The amp has very little in terms of bells and whistles. It is about as spartan as it gets. Amp is two 6V6 tubes with two 12Xs in the pre-amp section. One volume (no gain), one tremolo circuit (cool for guitar, useless for us) and three inputs, one optimized for guitar, one for mic, and one for accordian (yes, accordian). No tone switch, just a dark/bright switch (leave it on dark for ukulele). No reverb (they have pedals for that, or I can get a good reverb-like sound with my TC Flashback digital delay). One "on" switch, a fuse, and an extension speaker output on the back panel, and that is it.

They are being sold under the "pawn shop" series of retro amps by Fender, which, oddly enough, does not print its name on the amp. The link here to Sweetwater has some cool details, reviews and videos:
http://www.sweetwater.com/store/detail/Excelsior. And, no, I do not work for Sweetwater or Fender.

Anyway, I let the thing warm-up for about an hour before plugging in my Kamaka HF-3, which has a LR Baggs Five.0 system. Now, I would think ukulele would do better with an 8 or 10-inch speaker, but the 15 does not seem to detract from the sound at all. I like my highs rolled off, and to my ear it sounds best in the mic input, as opposed to the guitar or accordian. I think the mic in is optimized for midrange instruments, which is perfect for ukulele.

Sounds very nice when played at lower volume - the more you crank it, the more it gets a little less "real" or, better to say, sounds a little too forced. Best way to use this amp may be to mic it through a bigger PA; it would be a great recording amp if you want to mellow out the piezo sound.

If you do turn it up to around the 9 o'clock level, which is quite low, it fills the room with sound, so this could also be used as a ukulele amp at a small gig or coffee house open mic. With that 15" speaker in there, it works well with my bass (played at reasonable volumes, of course) and guitar absolutely sings through this thing!

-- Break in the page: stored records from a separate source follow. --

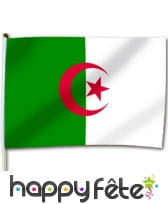 Drapeau Algérie pour supporter 30x46cm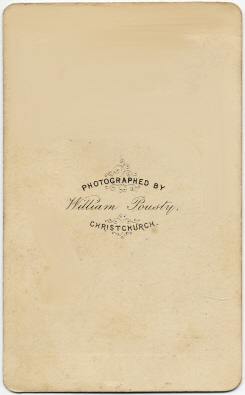 William Pousty carte de visite photograph 5 (verso)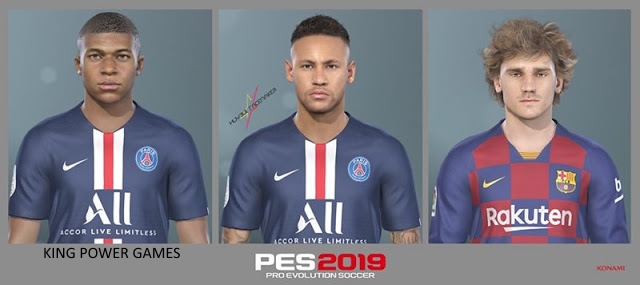 FACE PACK FOR PES 2019 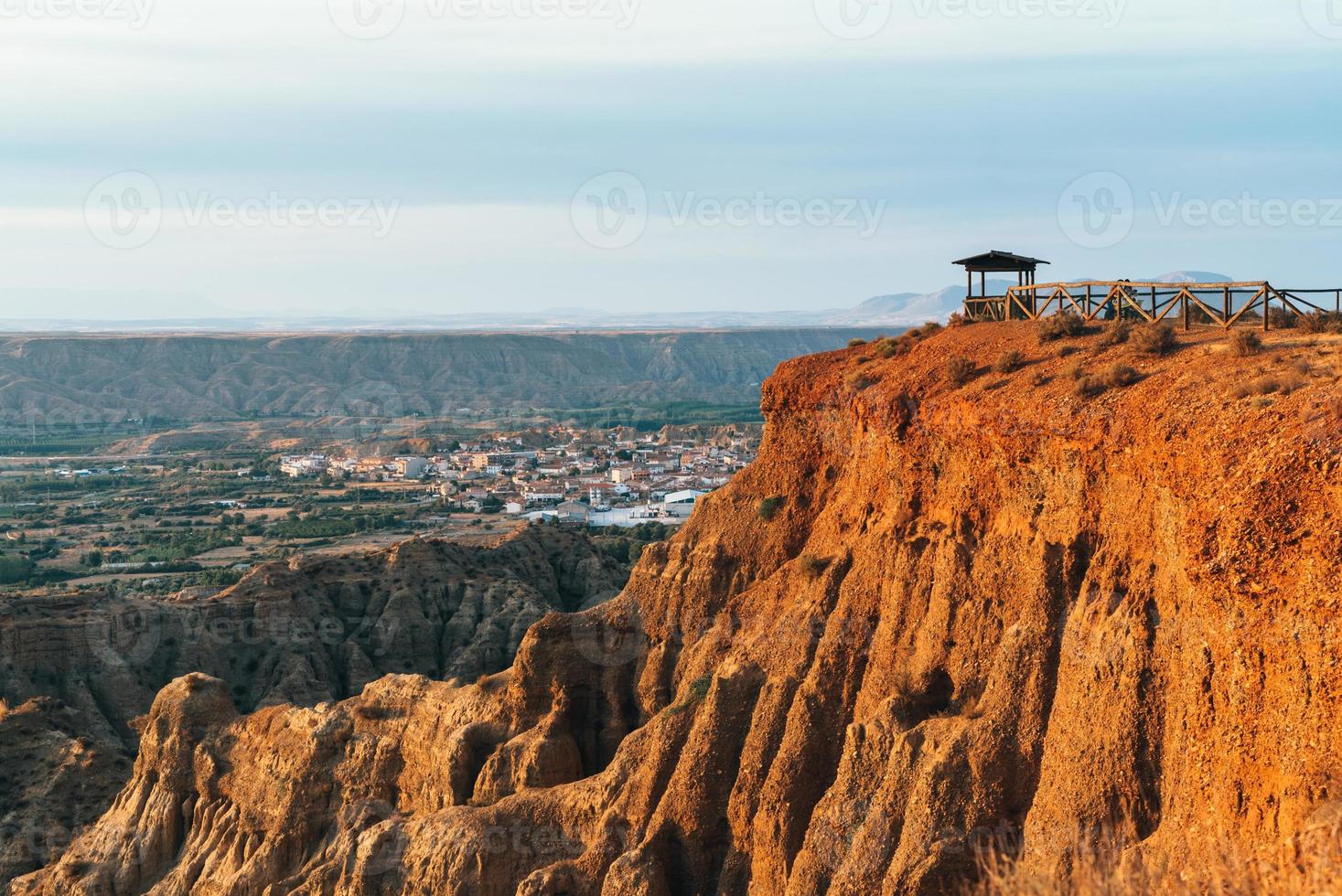 Mirador barrancos en marchal, Guadix, Granada, España foto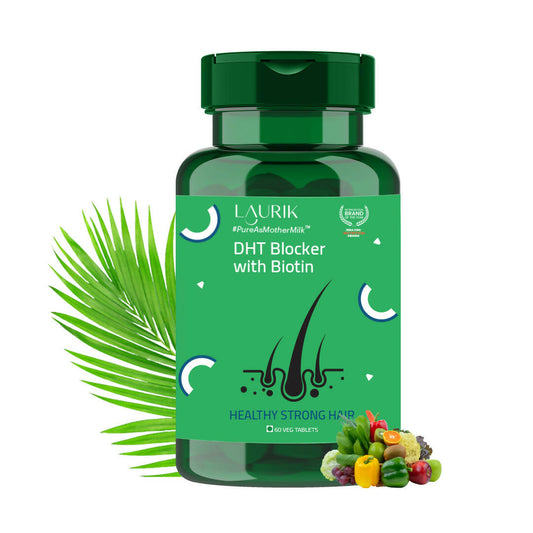 Buy Laurik DHT Blocker Tablets With Ingredient Biotin, Helps Reduce Hair Fall, Stimulates Hair Growth from DrMediCart, Ship from India to USA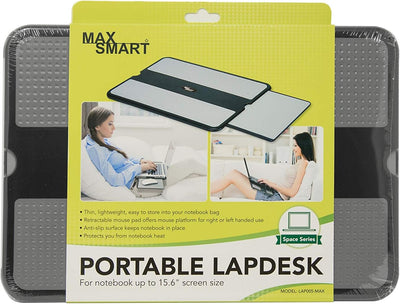 MAX SMART Laptop-Schosspolster Laptop Underlay Notebook Cushdesk Kniekissen Unterlage mit Retractabl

Best thing about this amp is the unbelieveable price of $299. I got it for $255 with my 15% GC coupon, so even better. But check it out -- the store had two of these in stock and between me and the other guy, they sold both within the space of two hours! It looks great, is put together real well (at least it appears that way) and its retro vibe, in both looks and tone, complements the ukulele perfectly!

When it warms up, it sounds great. Like I said, at low volumes it is hard to tell what sound is coming from the speaker and what is coming from you, which to me is the mark of a good amp. It's not that it's transparent, as it does impart its darker, mellower, rounder, more fluid valve tone, but it just sounds really good and "right." Coupled with the fact that it is even better with guitar, this is like an all-purpose amp for everyone. I'm hooked.

Anyone else seen or tried one of these? I'm going to do a quick video on it and if I get real motivated I may even blog about it. Trust me, though, this is going to be--if it is not already--the hot amp to get!